In [1]:
%env CUDA_DEVICE_ORDER=PCI_BUS_ID
%env CUDA_VISIBLE_DEVICES=4

env: CUDA_DEVICE_ORDER=PCI_BUS_ID
env: CUDA_VISIBLE_DEVICES=4


In [2]:
from transformers import AutoTokenizer
import sys
import json
from scipy.special import softmax
from transformers import AutoModelForSequenceClassification
from simpletransformers.classification import ClassificationModel, ClassificationArgs
from transformers import AutoModelForSequenceClassification, TextClassificationPipeline, AutoTokenizer, AutoConfig
import torch
import argparse
import numpy as np
import pandas as pd


  from .autonotebook import tqdm as notebook_tqdm


In [3]:
# Load the test datasets

test_en = pd.read_json("../../datasets/ParlaCAP-EN-test/ParlaMint-EN-CAP-test-dataset.jsonl", lines=True)
test_hr = pd.read_json("../../datasets/ParlaCAP-HR-test/ParlaMint-HR-CAP-test-dataset.jsonl", lines=True)

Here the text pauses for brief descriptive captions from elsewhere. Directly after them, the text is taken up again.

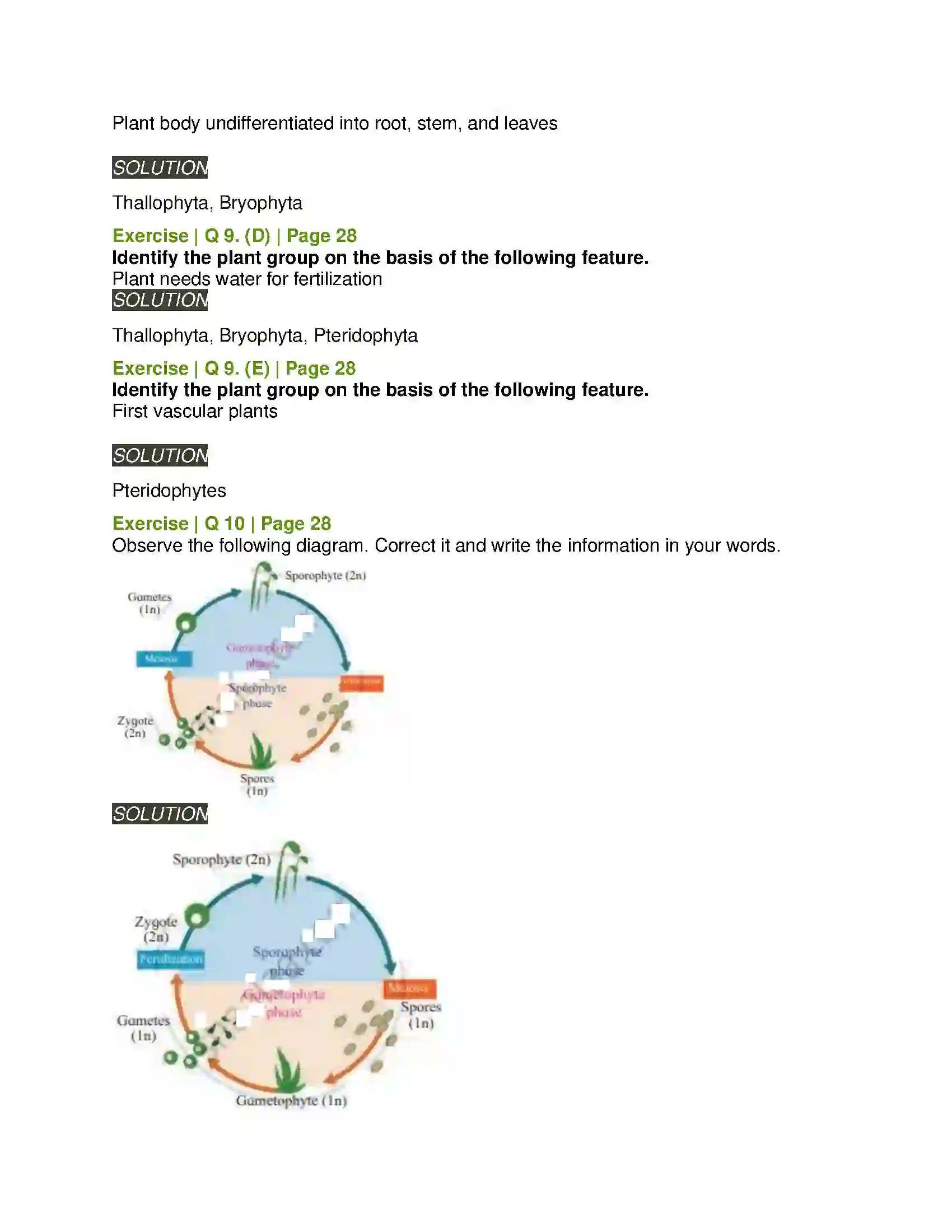 Maharashtra Board Class 11th Biology Kingdom Plantae Solution 9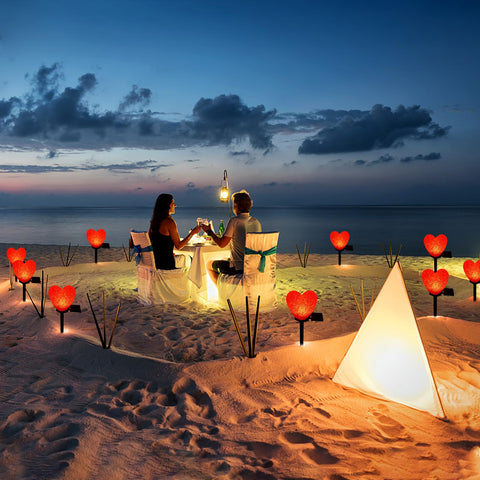 LAIAMER solar powered lights conserve energy while delivering reliable nightly glow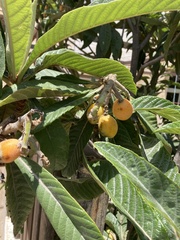 Eriobotrya japonica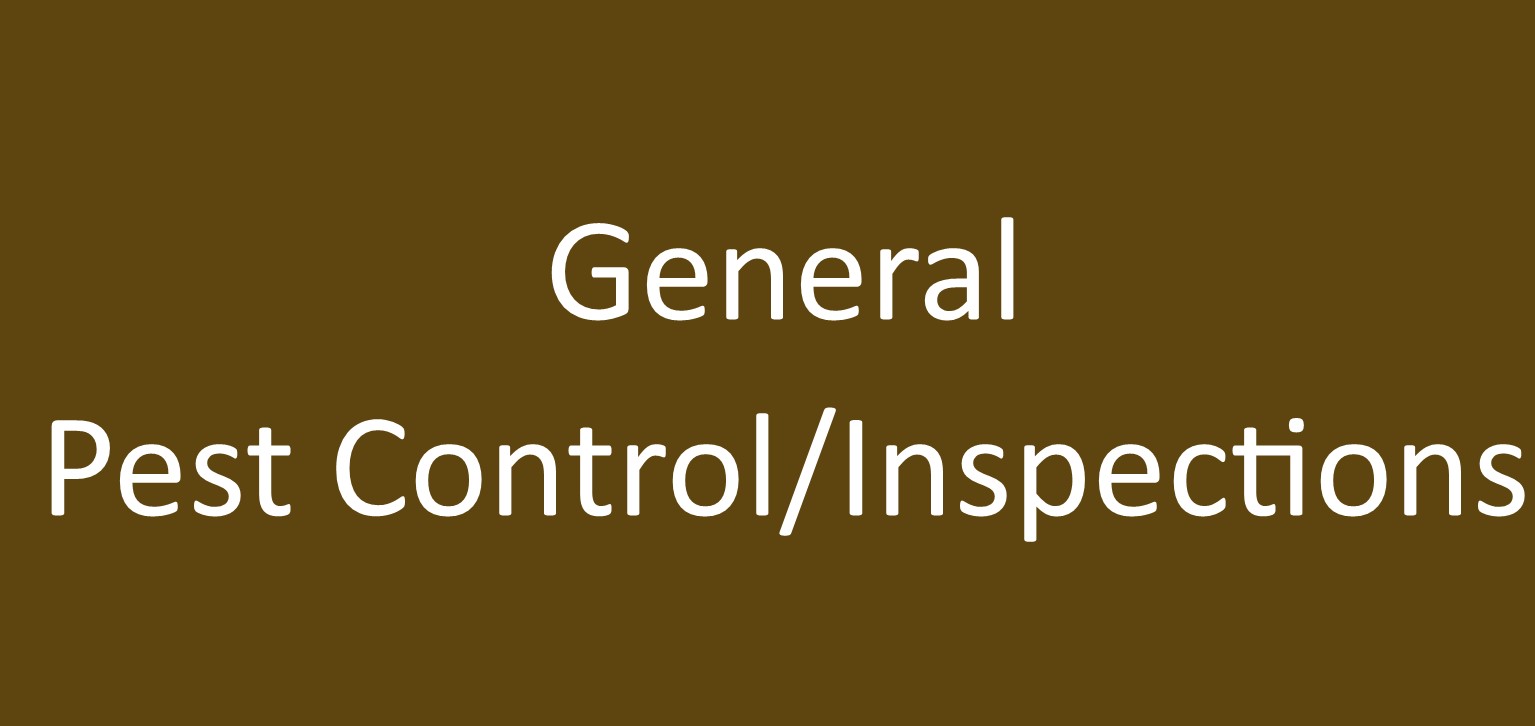 Find out more about x General Pest Control/Inspections x - Pest Control/Inspections in .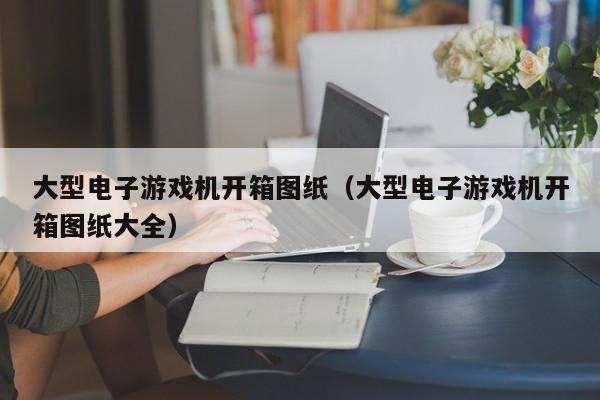 大型电子游戏机开箱图纸(大型电子游戏机开箱图纸大全)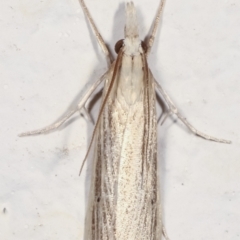 Culladia cuneiferellus at Melba, ACT - 28 Jan 2021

print(test_en.shape, test_hr.shape)

(440, 9) (869, 9)


In [4]:
def apply_classifier(test_df, df_test_name):
	print("Loading the model ...")

	cap_model = AutoModelForSequenceClassification.from_pretrained("classla/ParlaCAP-Topic-Classifier")
	cap_model.to("cuda:0")

	cap_tokenizer = AutoTokenizer.from_pretrained("classla/ParlaCAP-Topic-Classifier")
	print("Model loaded.")

	cap_labels = ["Education", "Technology", "Health", "Environment", "Housing", "Labor", "Defense", "Government Operations", "Social Welfare", "Other", "Macroeconomics", "Domestic Commerce", "Civil Rights", "International Affairs", "Transportation", "Immigration", "Law and Crime", "Agriculture", "Foreign Trade", "Culture", "Public Lands", "Energy"]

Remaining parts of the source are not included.